Galibiyette herkes kendine paye çıkarır ve benim sayemde gibisinden safsatalar ortaya koyar.
Her seçim döneminin ardından bu tipte insanlar ister istemez dikkat çeker ve galibiyetin sahibi, mağlubiyettekine nazaran daha fazla olur.
Mağlup gelindiğinde ise bir sessizlik kaplar ortalığı ve bir süre sonra da keşkeler, şunu yapmadık etmedik gibisinden ifadeler ve en son mağlubiyetin müsebbipleri bulunulur.
Bizim seçimdeki mağlubiyetin müsebbibi de aday olan Kemal Kılıçdaroğlu oldu.
Netice bu bir demokrasi yarışı ve kaybetmek de bu işin cilvesi. Bu tip seçimlerde kaybetmiş olmak iyiyi kötü ve kazanmış olmak da kötüyü iyi yapmaz. Kaybedeni alaya almak bizim toplumda moda bir tutum ve dün Galatasaray’ın şampiyonluğunda da bunu bir kez daha gördüm. Bir Galatasaraylı olarak Fenerbahçe’nin de önümüzdeki sezon şampiyon olmasını isterim. Çünkü Fenersiz Cimbom, Cimbomsuz Fener hiçbir işe yaramaz.
MUHALEFETTE DEĞİŞİM OLMALI MI?
Bu sorunun cevabını kime sorsanız (oy veren veya vermeyen) kesinlikle evet yanıtını alırsınız. Ben ise mevzuya biraz daha değişik yaklaşan taraftayım.
Dün, gazetelerde ve sosyal medyada İmamoğlu’nun CHP’nin başına geçeği, CHP’de kurultay murultay çağrıları gibisinden yığınla yazılar ve paylaşımlar ortaya kondu.
Bana göre muhalefette değişim olmalı, fakat bu değişim sol bir gelenekten gelen Ana Muhalefet Partisi CHP’de değil, merkez sağ olan İYİ Parti’yi kapsayan bir sürece evrilmeli. Merkeziyetçi olmayan (sağcı olmayan) partilerin Türkiye şartlarında tek başına iktidar olmaları çok zor ve güç.

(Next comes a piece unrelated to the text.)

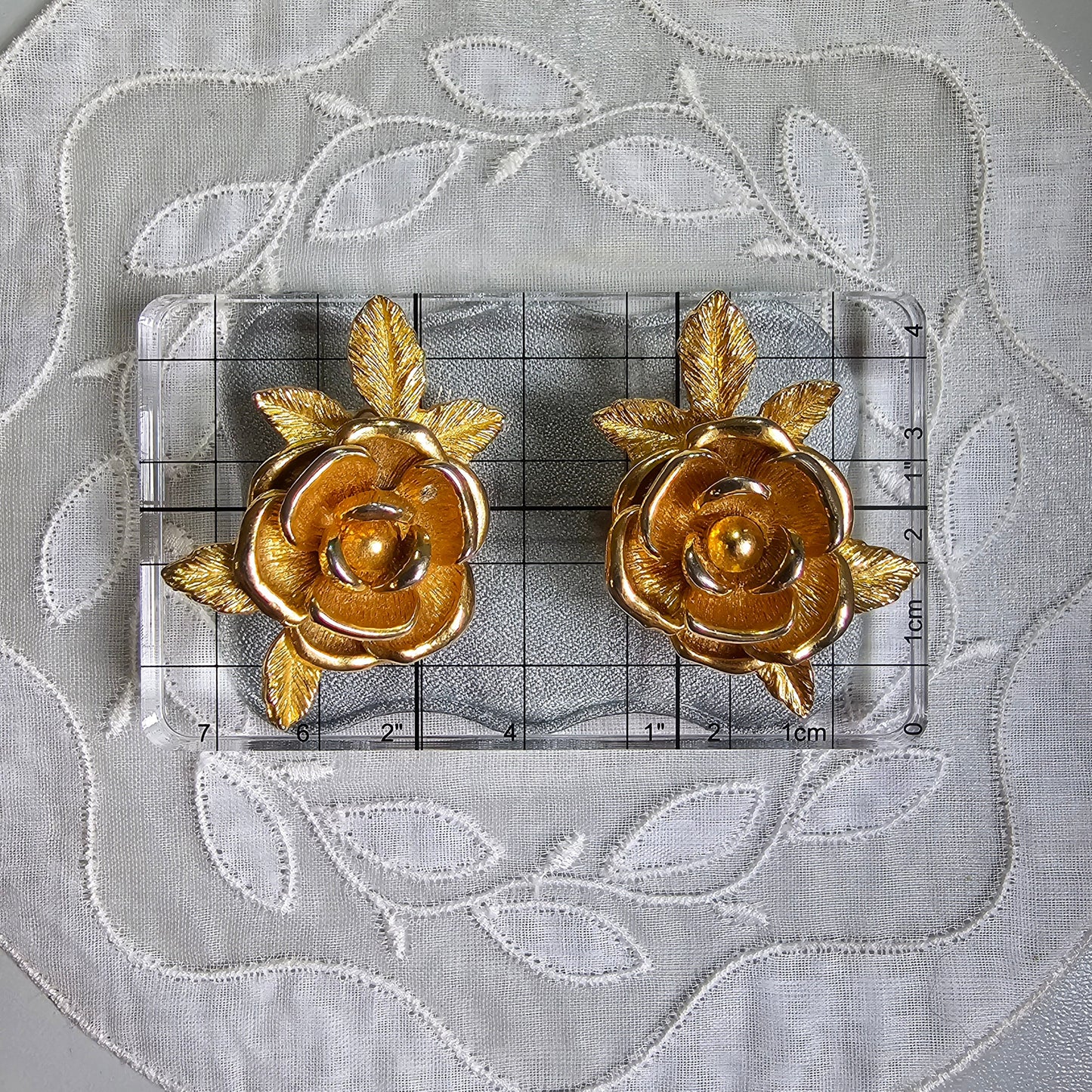 Clip on - Sarah Coventry Gold Rose Clip On Earrings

Gelinen noktada kimsenin 14 ve 28 Mayıs’tan hiçbir ders çıkarmadığını gördüm.
Neden mi?
Onca ekonomik soruna, 21 yıllık yorgunluğa rağmen AK Parti ve lideri Recep Tayyip Erdoğan tekrar iktidara geldi.
Aradan geçen 100 yıla rağmen, Türk Milleti’nin lidere önem verdiğini ve dahası yüzde 70’lik bir sağ kesimin bulunduğu gerçeğini artık muhalefetin kabul etmesi gerekiyor.
Vatandaşın sol partileri içine tam olarak sindirmediği ve tek parti dönemi dışında CHP’yi hiçbir zaman tek başına iktidara getirmemesinden de belli.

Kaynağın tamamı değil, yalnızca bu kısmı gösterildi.